-- Dataset entries follows --

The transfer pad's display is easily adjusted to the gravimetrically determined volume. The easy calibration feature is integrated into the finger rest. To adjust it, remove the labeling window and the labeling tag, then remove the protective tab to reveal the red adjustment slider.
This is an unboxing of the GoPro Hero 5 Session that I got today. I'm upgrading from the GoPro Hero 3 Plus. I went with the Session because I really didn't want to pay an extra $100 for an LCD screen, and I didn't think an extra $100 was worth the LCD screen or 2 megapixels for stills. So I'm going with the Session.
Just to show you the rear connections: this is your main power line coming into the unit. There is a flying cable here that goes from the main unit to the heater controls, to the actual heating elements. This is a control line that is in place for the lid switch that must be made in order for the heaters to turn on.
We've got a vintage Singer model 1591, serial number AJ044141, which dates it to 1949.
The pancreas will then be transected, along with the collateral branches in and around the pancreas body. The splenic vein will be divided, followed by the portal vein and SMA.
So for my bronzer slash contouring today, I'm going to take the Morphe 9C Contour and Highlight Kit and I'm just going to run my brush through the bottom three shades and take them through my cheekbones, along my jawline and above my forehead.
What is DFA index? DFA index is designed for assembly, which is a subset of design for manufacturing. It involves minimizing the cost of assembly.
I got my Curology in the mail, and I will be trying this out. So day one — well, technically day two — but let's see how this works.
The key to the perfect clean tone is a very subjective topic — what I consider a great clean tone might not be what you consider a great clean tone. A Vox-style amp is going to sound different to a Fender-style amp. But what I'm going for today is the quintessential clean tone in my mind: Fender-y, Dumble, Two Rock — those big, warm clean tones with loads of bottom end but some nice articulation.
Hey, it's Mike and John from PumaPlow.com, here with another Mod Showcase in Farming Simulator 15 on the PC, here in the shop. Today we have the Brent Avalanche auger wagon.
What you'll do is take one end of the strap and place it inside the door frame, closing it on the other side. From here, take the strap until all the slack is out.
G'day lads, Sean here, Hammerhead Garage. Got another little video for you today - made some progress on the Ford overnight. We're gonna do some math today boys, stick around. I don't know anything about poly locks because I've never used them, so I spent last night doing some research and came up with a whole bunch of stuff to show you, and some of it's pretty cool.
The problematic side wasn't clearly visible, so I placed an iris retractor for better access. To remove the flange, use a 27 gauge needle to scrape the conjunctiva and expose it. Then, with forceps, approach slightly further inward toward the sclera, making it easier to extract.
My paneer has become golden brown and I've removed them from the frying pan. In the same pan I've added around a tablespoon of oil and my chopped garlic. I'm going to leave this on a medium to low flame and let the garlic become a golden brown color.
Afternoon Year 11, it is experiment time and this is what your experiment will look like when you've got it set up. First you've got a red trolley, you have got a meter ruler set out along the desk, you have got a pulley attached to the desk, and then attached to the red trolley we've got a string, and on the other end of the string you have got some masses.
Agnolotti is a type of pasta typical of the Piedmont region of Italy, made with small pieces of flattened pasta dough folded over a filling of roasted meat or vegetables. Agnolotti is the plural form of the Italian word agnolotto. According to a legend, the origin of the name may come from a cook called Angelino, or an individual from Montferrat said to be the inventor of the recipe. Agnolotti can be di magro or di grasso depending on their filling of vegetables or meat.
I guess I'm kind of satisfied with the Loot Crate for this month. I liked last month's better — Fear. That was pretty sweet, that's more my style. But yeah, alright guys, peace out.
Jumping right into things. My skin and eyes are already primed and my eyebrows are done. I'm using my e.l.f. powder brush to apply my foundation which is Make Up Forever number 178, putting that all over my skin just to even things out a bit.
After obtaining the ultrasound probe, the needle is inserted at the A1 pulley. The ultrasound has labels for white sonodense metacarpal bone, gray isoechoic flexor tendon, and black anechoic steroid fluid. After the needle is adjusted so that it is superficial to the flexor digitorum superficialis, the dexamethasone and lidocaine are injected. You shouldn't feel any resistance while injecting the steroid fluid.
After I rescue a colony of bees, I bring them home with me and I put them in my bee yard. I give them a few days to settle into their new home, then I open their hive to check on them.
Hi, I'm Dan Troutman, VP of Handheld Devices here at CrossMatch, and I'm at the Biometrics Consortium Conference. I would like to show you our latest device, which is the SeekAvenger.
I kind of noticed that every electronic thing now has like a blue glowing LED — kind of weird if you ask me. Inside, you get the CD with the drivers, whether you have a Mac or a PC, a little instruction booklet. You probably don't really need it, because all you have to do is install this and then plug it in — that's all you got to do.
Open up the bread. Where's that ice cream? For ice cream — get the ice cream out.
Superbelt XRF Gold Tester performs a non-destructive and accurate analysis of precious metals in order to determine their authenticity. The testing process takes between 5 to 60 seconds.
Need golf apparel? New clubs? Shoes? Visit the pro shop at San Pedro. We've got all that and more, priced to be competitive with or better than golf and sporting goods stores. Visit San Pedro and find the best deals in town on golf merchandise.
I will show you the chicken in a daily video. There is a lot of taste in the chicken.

-- Dataset entries concluded --

Exercise brief
Beginning at the first line of the records, retype exactly every line up to and including the one with "This is an unboxing".

Result for this task
The transfer pad's display is easily adjusted to the gravimetrically determined volume. The easy calibration feature is integrated into the finger rest. To adjust it, remove the labeling window and the labeling tag, then remove the protective tab to reveal the red adjustment slider.
This is an unboxing of the GoPro Hero 5 Session that I got today. I'm upgrading from the GoPro Hero 3 Plus. I went with the Session because I really didn't want to pay an extra $100 for an LCD screen, and I didn't think an extra $100 was worth the LCD screen or 2 megapixels for stills. So I'm going with the Session.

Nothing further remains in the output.